▶ Data to process:
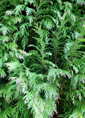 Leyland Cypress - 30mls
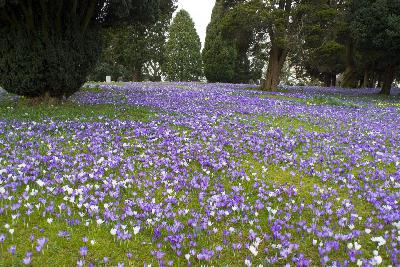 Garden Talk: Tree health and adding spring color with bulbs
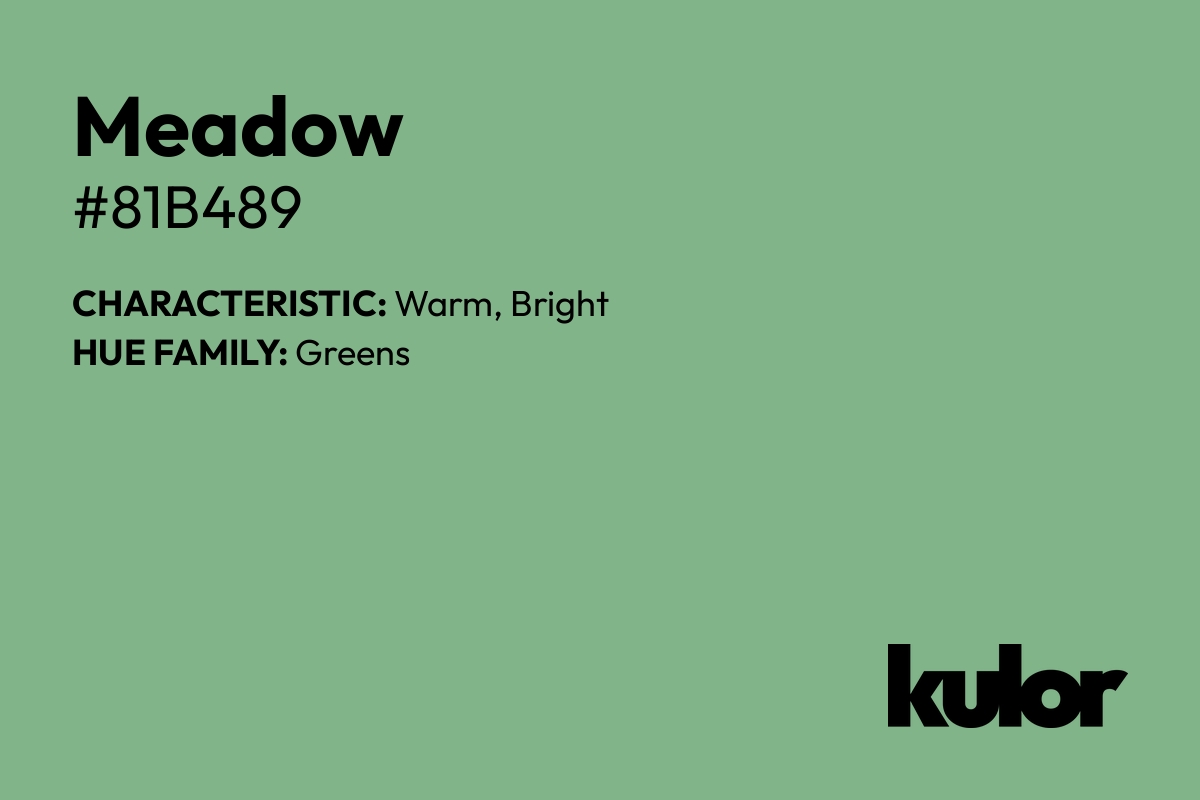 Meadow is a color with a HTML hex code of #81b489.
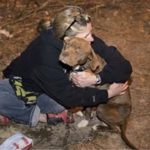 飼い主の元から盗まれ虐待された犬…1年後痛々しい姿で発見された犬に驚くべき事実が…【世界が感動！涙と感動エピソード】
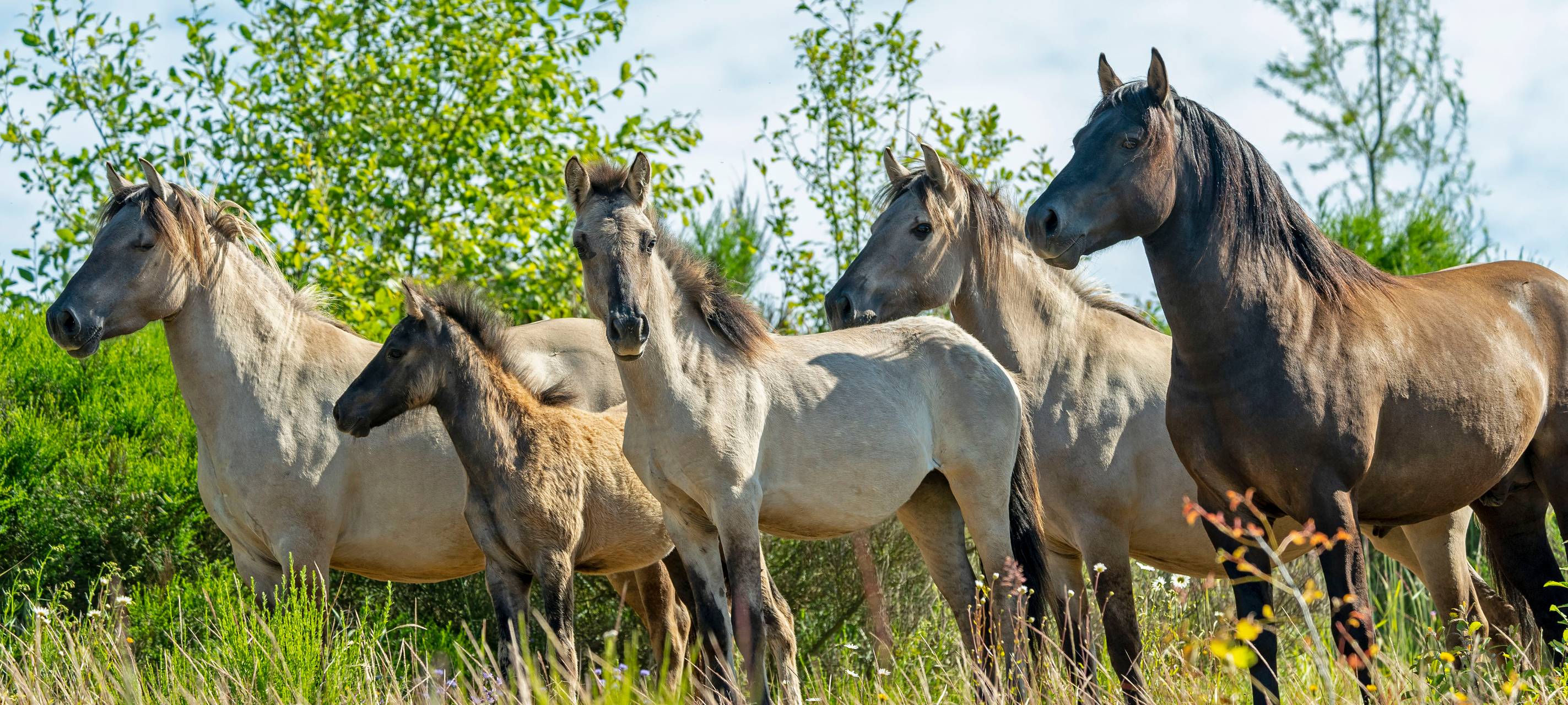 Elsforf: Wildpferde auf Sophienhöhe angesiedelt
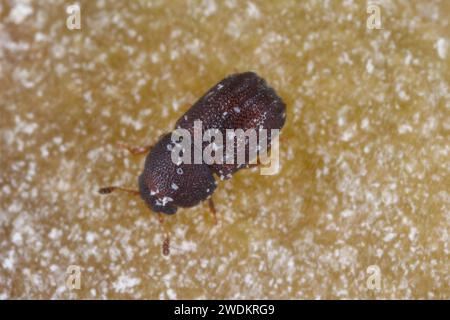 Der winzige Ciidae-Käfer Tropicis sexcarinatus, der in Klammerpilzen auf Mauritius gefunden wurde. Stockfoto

▶ Problem: Exact copies of the entries above are needed, with every picture removed.

▶ The completed task:
 Leyland Cypress - 30mls
 Garden Talk: Tree health and adding spring color with bulbs
 Meadow is a color with a HTML hex code of #81b489.
 飼い主の元から盗まれ虐待された犬…1年後痛々しい姿で発見された犬に驚くべき事実が…【世界が感動！涙と感動エピソード】
 Elsforf: Wildpferde auf Sophienhöhe angesiedelt
 Der winzige Ciidae-Käfer Tropicis sexcarinatus, der in Klammerpilzen auf Mauritius gefunden wurde. Stockfoto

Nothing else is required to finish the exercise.